╔══
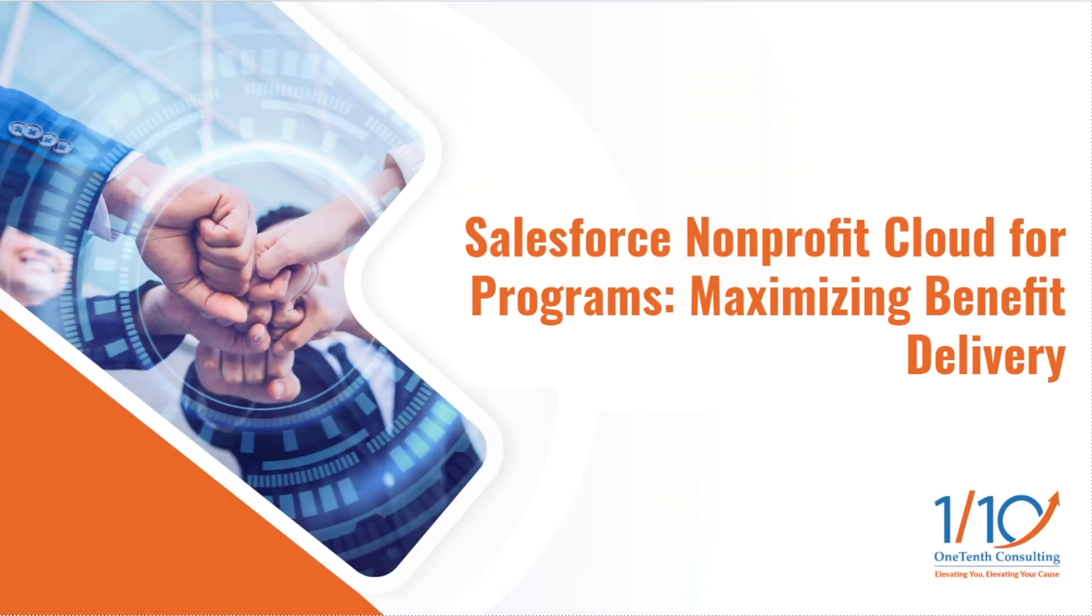Hello, my name is Jerome and welcome to part two of the Salesforce Nonprofit Cloud for Programs video series. In this particular video we're going to be covering maximizing the benefit delivery using the Nonprofit Cloud for Programs solution.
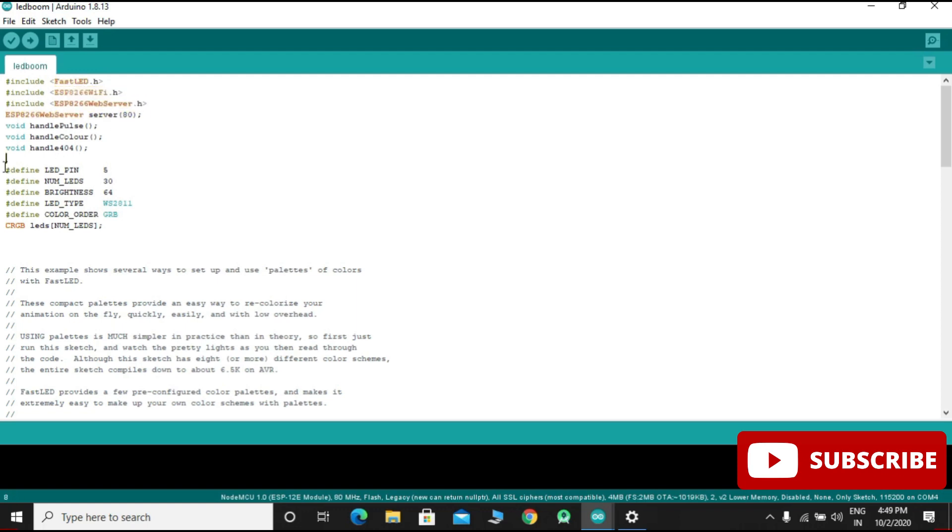You have to define the following: define LED pins, number of LEDs, brightness, and define LED type.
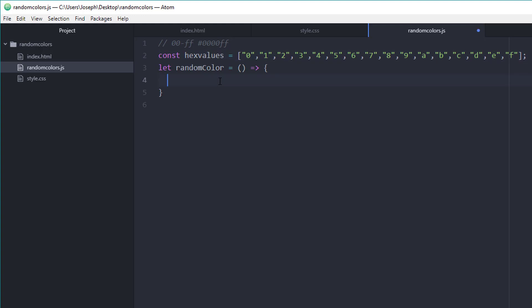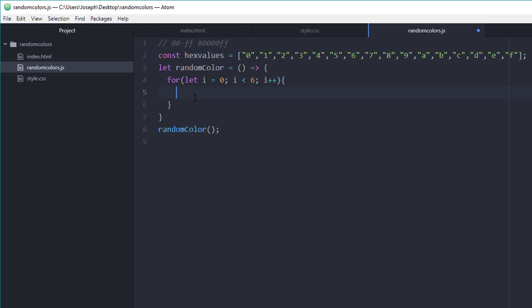As you can imagine, if we're generating a random color, we just need six different random values from this array. So how can we do that? Well, we need to loop through this array six times and grab a random value. So a simple for loop that we're looping through six times. Now we're going to go through and grab six random values from our hex values array here in order to construct our overall hex value.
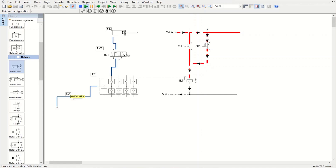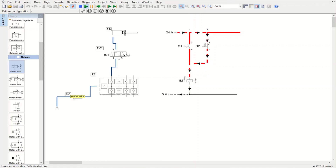If you want to learn about twin pressure valve and shuttle valve, you can watch our videos related to these two components and see how they function inside pneumatic circuits. But when dealing with electro-pneumatic systems, we don't need those components — we just need two switches, and those two switches can provide the functionality of OR logic and AND logic. Thank you very much for watching this video. If you enjoyed it, please subscribe to our channel.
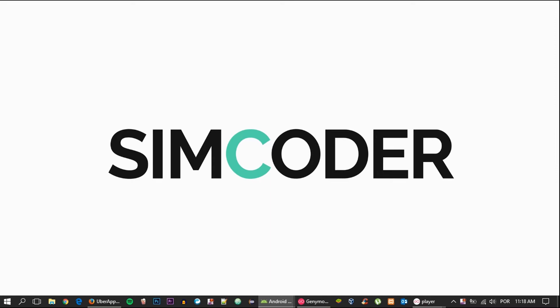Hey guys, SimCoder here, and today we're going to learn how we can calculate the rating of a driver in no time.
╚══
- _What to work on_
The records above should be returned exactly, with only their pictures held back.

- _Solution to this problem_
Hello, my name is Jerome and welcome to part two of the Salesforce Nonprofit Cloud for Programs video series. In this particular video we're going to be covering maximizing the benefit delivery using the Nonprofit Cloud for Programs solution.
You have to define the following: define LED pins, number of LEDs, brightness, and define LED type.
As you can imagine, if we're generating a random color, we just need six different random values from this array. So how can we do that? Well, we need to loop through this array six times and grab a random value. So a simple for loop that we're looping through six times. Now we're going to go through and grab six random values from our hex values array here in order to construct our overall hex value.
If you want to learn about twin pressure valve and shuttle valve, you can watch our videos related to these two components and see how they function inside pneumatic circuits. But when dealing with electro-pneumatic systems, we don't need those components — we just need two switches, and those two switches can provide the functionality of OR logic and AND logic. Thank you very much for watching this video. If you enjoyed it, please subscribe to our channel.
Hey guys, SimCoder here, and today we're going to learn how we can calculate the rating of a driver in no time.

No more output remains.